Rebecca Harmon-Dowling was the 2011 Pennsylvania Republican “Woman of the Year.” In May 2010 she was elected as the youngest member of the Pennsylvania Republican State Committee, and serves on the Board of Directors of the Young Republicans.
Rebecca, 24, is from Uniontown and is well aware of the political strength of the AFL-CIO. She worked diligently for Tim Burns in a 2010 special House election but was not able to overcome labor’s turn out of the vote campaign. The setback did not discourage Rebecca and her Young Republican colleagues. They went on to help pick up five House seats that November.
She says “I was out door knocking and phone banking like I was born to do it. You can be a doer, a watcher or just wonder. You can do something, watch something, or see it done and wonder how things happened. I try to be a doer.”
Her enthusiasm for the GOP is readily apparent, and her heroes are Senator Pat Toomey (R-PA) and Gov. Tom Corbett (R-PA), who were both elected in 2010.
While Wisconsin, Michigan, Ohio and Indiana have been in the reform spotlight, Rebecca believes some of the most exciting changes are in her state. In fact, they are witnessing the largest change agenda in a century. Her message is not to attract attention to herself, but she believes the nation should know what is happening in her state.

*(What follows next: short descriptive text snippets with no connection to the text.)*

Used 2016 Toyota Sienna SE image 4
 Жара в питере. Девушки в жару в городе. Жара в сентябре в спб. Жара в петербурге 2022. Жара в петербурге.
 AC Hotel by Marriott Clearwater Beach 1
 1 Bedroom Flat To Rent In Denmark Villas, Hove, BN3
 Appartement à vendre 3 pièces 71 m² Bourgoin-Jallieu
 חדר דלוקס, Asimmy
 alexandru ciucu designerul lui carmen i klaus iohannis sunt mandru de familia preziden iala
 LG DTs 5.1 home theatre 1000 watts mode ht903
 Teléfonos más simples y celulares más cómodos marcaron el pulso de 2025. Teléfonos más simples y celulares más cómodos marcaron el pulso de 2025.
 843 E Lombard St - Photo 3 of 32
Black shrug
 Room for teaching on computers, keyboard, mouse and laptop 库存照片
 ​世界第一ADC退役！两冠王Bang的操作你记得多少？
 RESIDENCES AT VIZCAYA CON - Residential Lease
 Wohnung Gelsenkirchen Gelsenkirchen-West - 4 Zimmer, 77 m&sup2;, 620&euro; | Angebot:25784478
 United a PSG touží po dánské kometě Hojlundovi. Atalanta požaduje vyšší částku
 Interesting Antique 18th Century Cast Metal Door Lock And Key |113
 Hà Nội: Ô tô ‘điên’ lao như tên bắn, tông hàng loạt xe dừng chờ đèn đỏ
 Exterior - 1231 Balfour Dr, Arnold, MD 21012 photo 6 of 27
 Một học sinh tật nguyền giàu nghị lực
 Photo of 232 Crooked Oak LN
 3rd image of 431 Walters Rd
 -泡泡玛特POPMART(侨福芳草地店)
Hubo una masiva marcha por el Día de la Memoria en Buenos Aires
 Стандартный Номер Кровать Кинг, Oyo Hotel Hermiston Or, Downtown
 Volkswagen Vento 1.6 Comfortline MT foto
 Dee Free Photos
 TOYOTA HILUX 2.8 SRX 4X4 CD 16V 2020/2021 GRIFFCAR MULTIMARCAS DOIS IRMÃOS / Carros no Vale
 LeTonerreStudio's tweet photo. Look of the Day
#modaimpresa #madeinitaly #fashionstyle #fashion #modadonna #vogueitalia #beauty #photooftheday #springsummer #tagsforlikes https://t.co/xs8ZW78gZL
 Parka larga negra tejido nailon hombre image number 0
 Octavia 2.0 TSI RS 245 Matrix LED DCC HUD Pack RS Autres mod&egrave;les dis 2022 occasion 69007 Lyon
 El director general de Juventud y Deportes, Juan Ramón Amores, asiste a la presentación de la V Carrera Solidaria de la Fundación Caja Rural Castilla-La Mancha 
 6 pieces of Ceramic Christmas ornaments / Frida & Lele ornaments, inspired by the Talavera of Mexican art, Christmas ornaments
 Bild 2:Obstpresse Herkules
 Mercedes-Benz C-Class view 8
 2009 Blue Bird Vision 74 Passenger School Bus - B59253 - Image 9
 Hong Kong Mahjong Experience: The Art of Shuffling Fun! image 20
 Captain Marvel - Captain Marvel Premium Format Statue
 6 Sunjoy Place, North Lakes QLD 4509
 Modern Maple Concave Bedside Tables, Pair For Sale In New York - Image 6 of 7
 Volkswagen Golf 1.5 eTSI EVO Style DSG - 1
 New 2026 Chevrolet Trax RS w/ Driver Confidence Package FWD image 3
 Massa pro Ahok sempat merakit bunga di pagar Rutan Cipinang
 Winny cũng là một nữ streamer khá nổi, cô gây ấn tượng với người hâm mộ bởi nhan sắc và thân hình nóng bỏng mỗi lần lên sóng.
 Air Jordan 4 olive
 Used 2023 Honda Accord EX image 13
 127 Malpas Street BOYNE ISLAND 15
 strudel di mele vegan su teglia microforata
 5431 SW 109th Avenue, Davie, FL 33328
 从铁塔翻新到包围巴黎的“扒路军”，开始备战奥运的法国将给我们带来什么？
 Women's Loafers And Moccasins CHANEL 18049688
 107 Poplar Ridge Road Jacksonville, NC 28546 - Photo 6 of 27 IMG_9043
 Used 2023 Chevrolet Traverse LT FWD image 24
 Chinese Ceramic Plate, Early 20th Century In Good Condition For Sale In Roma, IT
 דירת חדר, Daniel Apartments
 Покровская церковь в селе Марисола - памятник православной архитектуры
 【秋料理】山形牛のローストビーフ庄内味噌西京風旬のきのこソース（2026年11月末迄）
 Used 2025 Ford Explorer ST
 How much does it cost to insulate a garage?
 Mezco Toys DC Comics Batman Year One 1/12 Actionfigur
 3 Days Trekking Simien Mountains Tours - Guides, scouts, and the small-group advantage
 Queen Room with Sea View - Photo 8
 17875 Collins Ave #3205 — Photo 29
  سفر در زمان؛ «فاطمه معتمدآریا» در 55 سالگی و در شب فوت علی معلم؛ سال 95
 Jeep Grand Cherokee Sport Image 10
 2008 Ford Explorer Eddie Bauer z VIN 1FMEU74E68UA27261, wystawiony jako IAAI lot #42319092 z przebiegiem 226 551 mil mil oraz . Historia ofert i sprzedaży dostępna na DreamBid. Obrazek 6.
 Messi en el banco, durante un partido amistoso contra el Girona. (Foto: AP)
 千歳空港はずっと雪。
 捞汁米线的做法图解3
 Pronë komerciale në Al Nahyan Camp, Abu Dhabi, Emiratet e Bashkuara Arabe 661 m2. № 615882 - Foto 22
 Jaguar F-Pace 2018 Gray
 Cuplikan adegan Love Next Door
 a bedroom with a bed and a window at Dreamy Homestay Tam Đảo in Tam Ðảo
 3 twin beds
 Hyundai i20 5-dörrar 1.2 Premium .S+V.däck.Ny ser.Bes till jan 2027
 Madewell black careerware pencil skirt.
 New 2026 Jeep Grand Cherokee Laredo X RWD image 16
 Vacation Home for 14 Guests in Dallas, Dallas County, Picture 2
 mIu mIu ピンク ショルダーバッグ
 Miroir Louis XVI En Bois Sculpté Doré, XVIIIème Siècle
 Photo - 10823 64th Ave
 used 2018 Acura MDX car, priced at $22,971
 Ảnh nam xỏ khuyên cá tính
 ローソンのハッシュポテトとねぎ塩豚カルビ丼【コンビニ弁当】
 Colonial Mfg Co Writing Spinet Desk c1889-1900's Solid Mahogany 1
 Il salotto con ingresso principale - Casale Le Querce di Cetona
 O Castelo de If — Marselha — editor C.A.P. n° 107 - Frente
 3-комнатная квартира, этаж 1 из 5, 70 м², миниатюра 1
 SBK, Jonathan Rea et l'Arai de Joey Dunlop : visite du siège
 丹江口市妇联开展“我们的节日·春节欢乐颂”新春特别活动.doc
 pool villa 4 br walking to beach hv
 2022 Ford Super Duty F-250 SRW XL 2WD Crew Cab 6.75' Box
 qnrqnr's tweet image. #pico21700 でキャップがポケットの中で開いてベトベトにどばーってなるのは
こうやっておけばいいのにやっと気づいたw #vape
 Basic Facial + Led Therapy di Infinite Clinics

Under GOP leadership, Pennsylvania has a balanced state budget and it was the first on-time budget in nine years. There were no tax increases and the $4.2 billion deficit was wiped out by budget reductions.
They obtained $415 million in reductions from public employees. The budgetary gimmicks and short term fixes of the past were abandoned. They are also stopping property tax increases by requiring a public referendum on any future attempt to raise taxes.
A major milestone was the passage of tort reform with the Fair Share Act. It treats business and medical professionals fairly in the award of financial damages.
Natural gas is a major job creator for the Keystone State and Gov. Corbett and GOP leaders wants no state taxes on the industry. The best news is that the reforms have only just begun. The GOP is also moving to eliminate the state liquor monopoly, reduce business taxes, institute school vouchers, restructure public welfare and reform the state legislature.
This is a new direction because politicians in the past expanded the functions of state government and raised taxes to meet budget deficits. Additional reforms are still on the drawing board, but the Governor has plenty of allies.
Since the infamous pay hike fiasco of 2005, almost half of the House and one-third of the Senate have been replaced by new members, many of them committed to reform. The legislature is behind the campaign to stop budget and tax increases.
Rebecca convinced us exciting things are happening in the Keystone State, and her top goal is to make sure Obama does not carry the state in 2012.